YASS Architecture Part 2: sampling on the CSS selector

The article on modular loading was the first sign in a series of notes in which I am going to tell you step by step on what principles YASS is built on and what were the results of testing for maximum performance of each part of this library. But first things first.

Formulation of the problem

About the simplest: what do we want to achieve? We want, by specifying an arbitrary string of a CSS selector that conforms to the specification , to output an array of all the elements corresponding to this very string. It seems so far simple.
')
To illustrate the specification, the following examples can be given:

  // returns the element with the identifier my_id
 querySelectorAll ('# my_id')
 // returns all elements with class external
 querySelectorAll ('. external')
 // returns all paragraphs on the page
 querySelectorAll ('p')

However, here we can note one thing: very often we need to select just an element by its identifier or find all the elements with a specific class. These operations are quite common in all JavaScript libraries, so they should be performed as quickly as possible. It is extremely imprudent to run the entire mechanism for analyzing the input selector string simply in the case where we need to return a single element specified using an identifier. Here we can use the principle of lazy programming: “do not do what can not be done” - and to accelerate the work sufficiently enough for the simplest cases.

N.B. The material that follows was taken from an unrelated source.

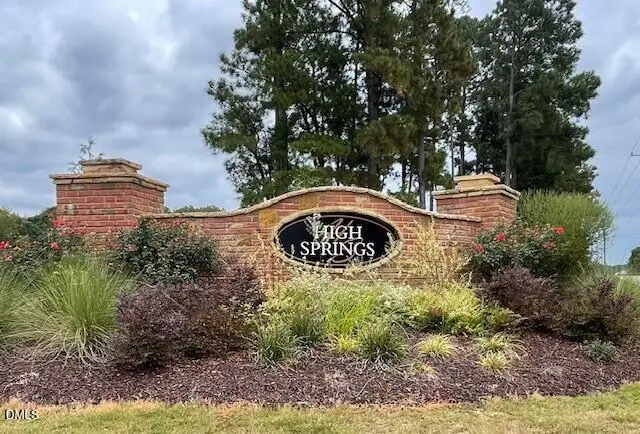 79 Quail Point Circle, Clayton, NC 27520 - Image #3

If you look at modern JavaScript libraries, then everywhere such a check is already done using a regular expression. And then immediately a little trick: the initialization of any regular expression is quite expensive in browsers (although the complexity of the expression begins to affect the elapsed time only if it is long), and it would be reasonable to do without it at all. And when you can just use indexOf to check for a substring, you should always use this (in elementary cases).

In the same case, if the regular expression provides correctness and replacing it does not lead to loss of code readability and incomprehensible gain (or even loss) in execution speed, you can replace, for example, exec with a bunch of test and charAt / substr : this will increase performance by about 20%. If this section of code is executed in a loop multiple times, this can be quite significant.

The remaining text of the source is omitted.